--- GIVEN DATA Enclosed Below ---

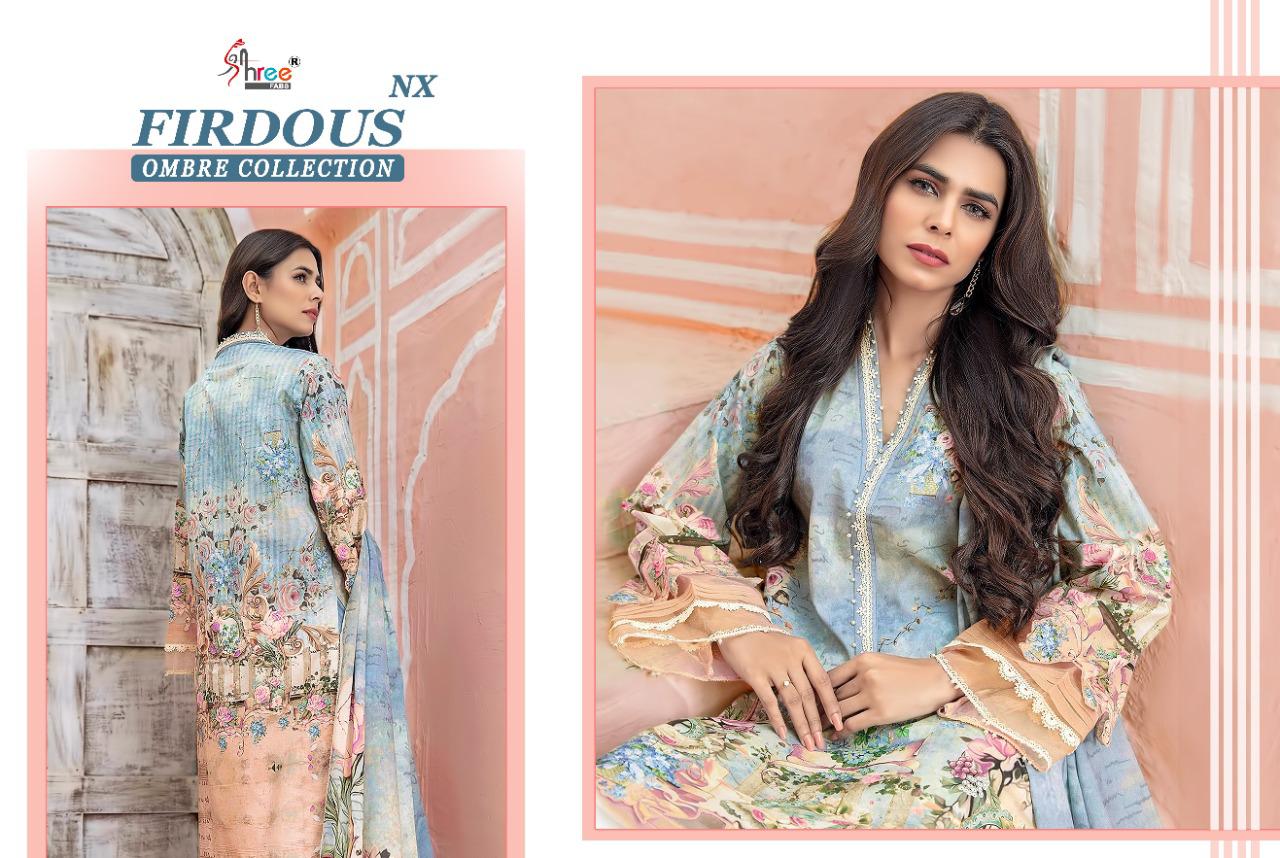 shree fabs firdous ombre collection nx cotton catchy look siffon dupatta salwar suit catalog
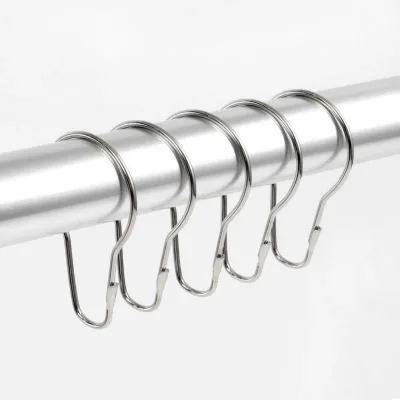 Metal Bead Free Shower Curtain Hook, Simple and Smooth, Easy to Pull Curtain Accessories, Anti Drop Gourd Buckle Ring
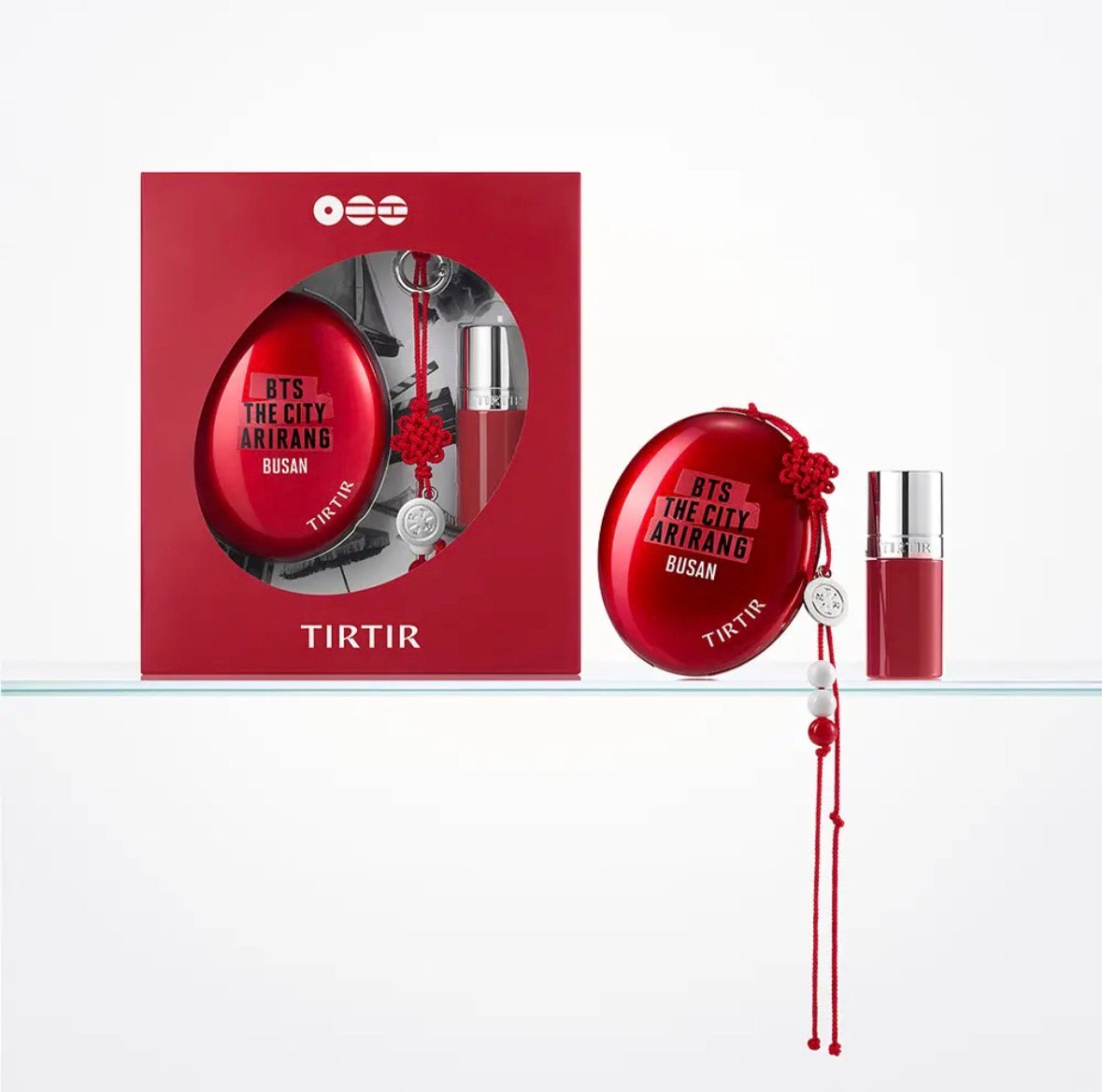 TIR TIR BTS THE CITY ARIRANG BUSAN ICONIC RED DUO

--- End of Enclosed GIVEN DATA ---

_PROBLEM TO SOLVE_.
Drop every image, please, and write out the data above exactly as shown.

_RESULT OF THE EXERCISE_.
 shree fabs firdous ombre collection nx cotton catchy look siffon dupatta salwar suit catalog
 Metal Bead Free Shower Curtain Hook, Simple and Smooth, Easy to Pull Curtain Accessories, Anti Drop Gourd Buckle Ring
 TIR TIR BTS THE CITY ARIRANG BUSAN ICONIC RED DUO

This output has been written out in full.